RECORDED DATA:
=-=-=
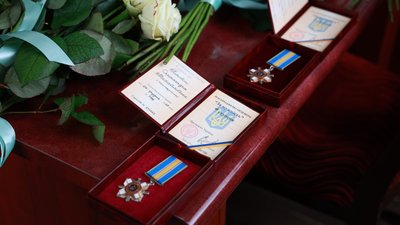 Сім захисників з Хмельниччини посмертно нагородили державними відзнаками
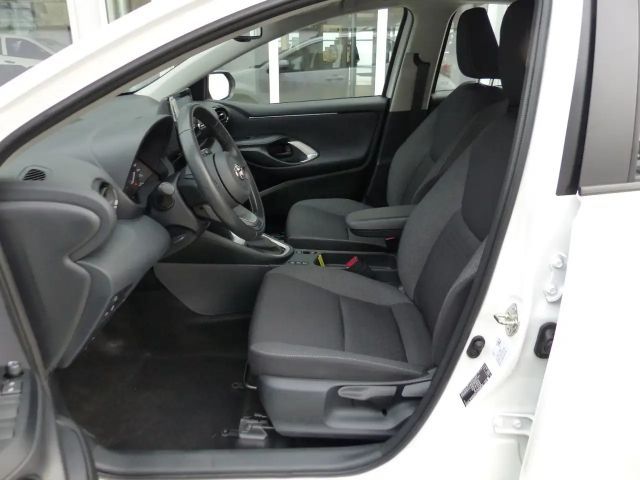 Toyota Yaris Hatchback Hybride Team D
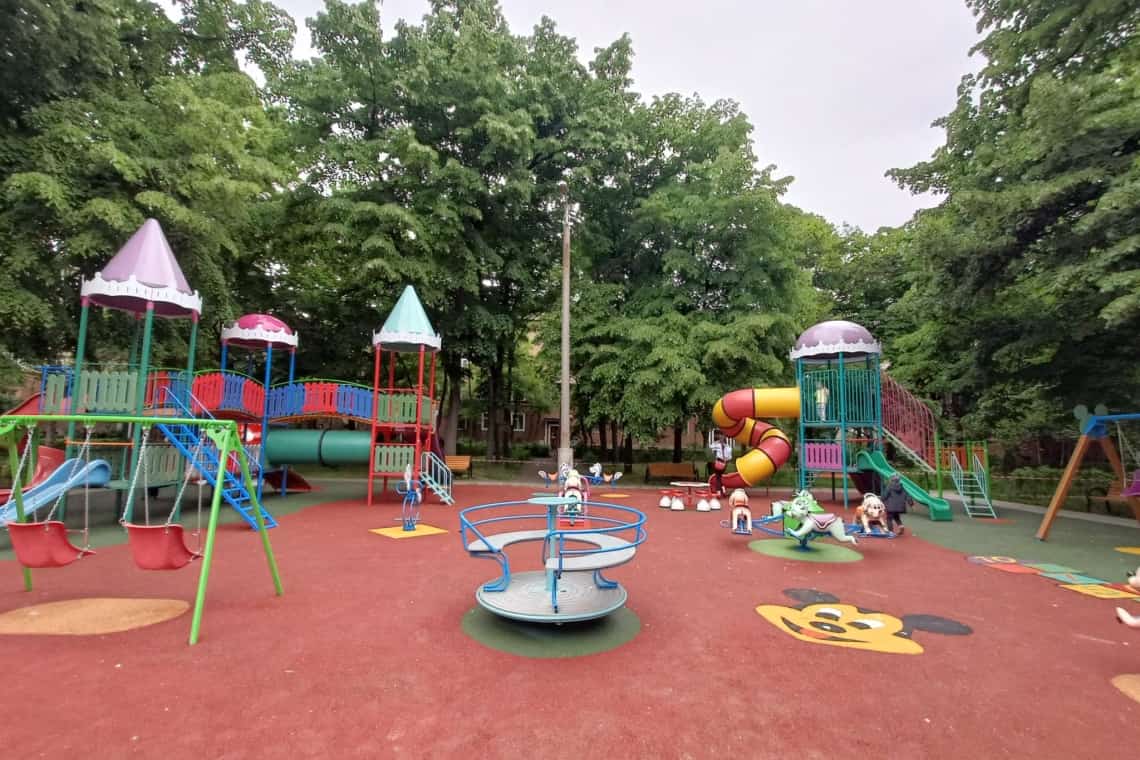Nou loc de joacă în parcul Mihai Eminescu din Ploiești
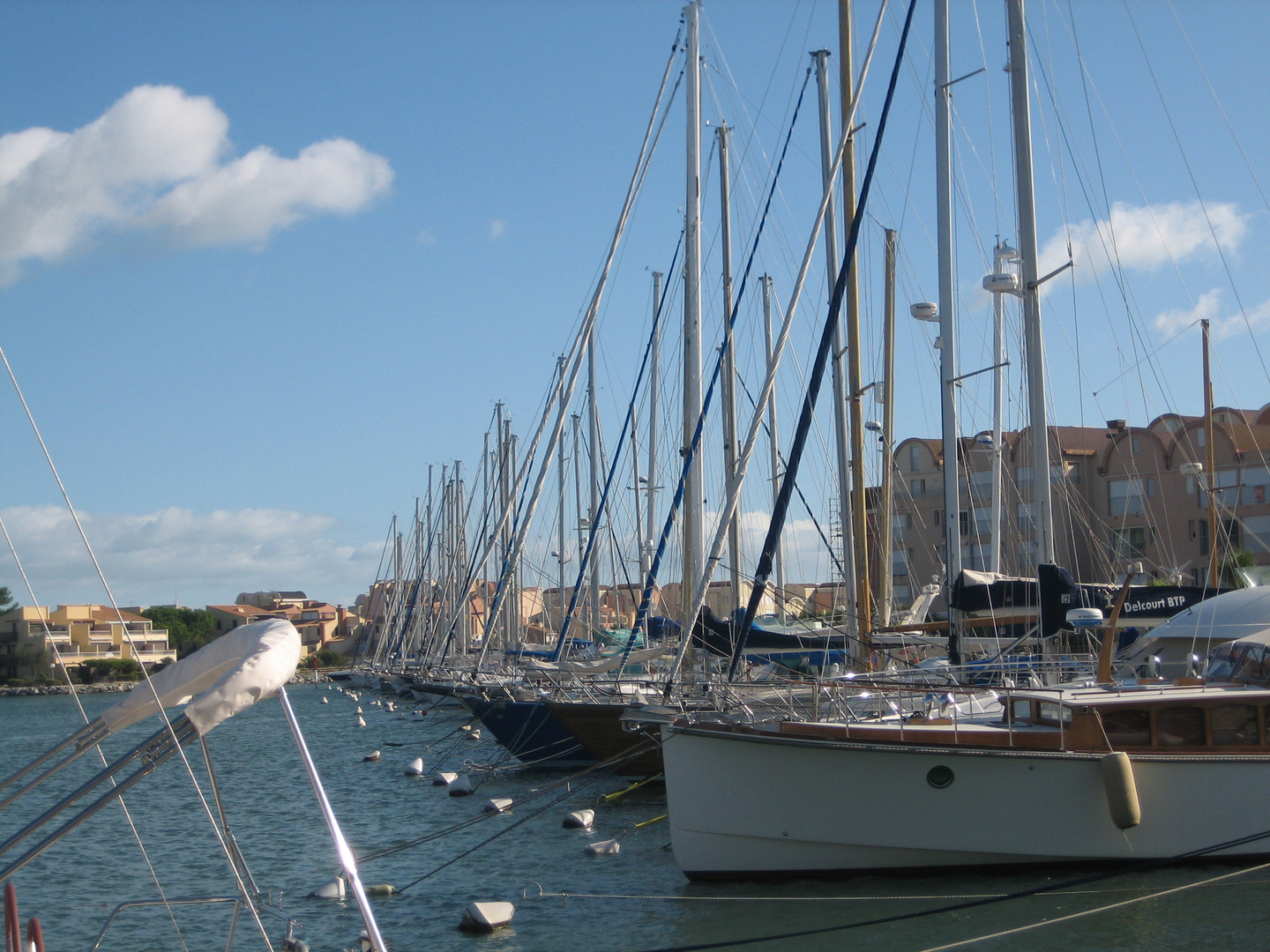 Sur un petit port à Narbonne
=-=-=
Every line of the listing must be reproduced exactly, though the pictures are to be left out.

ANSWER TO THIS TASK:
 Сім захисників з Хмельниччини посмертно нагородили державними відзнаками
 Toyota Yaris Hatchback Hybride Team D
Nou loc de joacă în parcul Mihai Eminescu din Ploiești
 Sur un petit port à Narbonne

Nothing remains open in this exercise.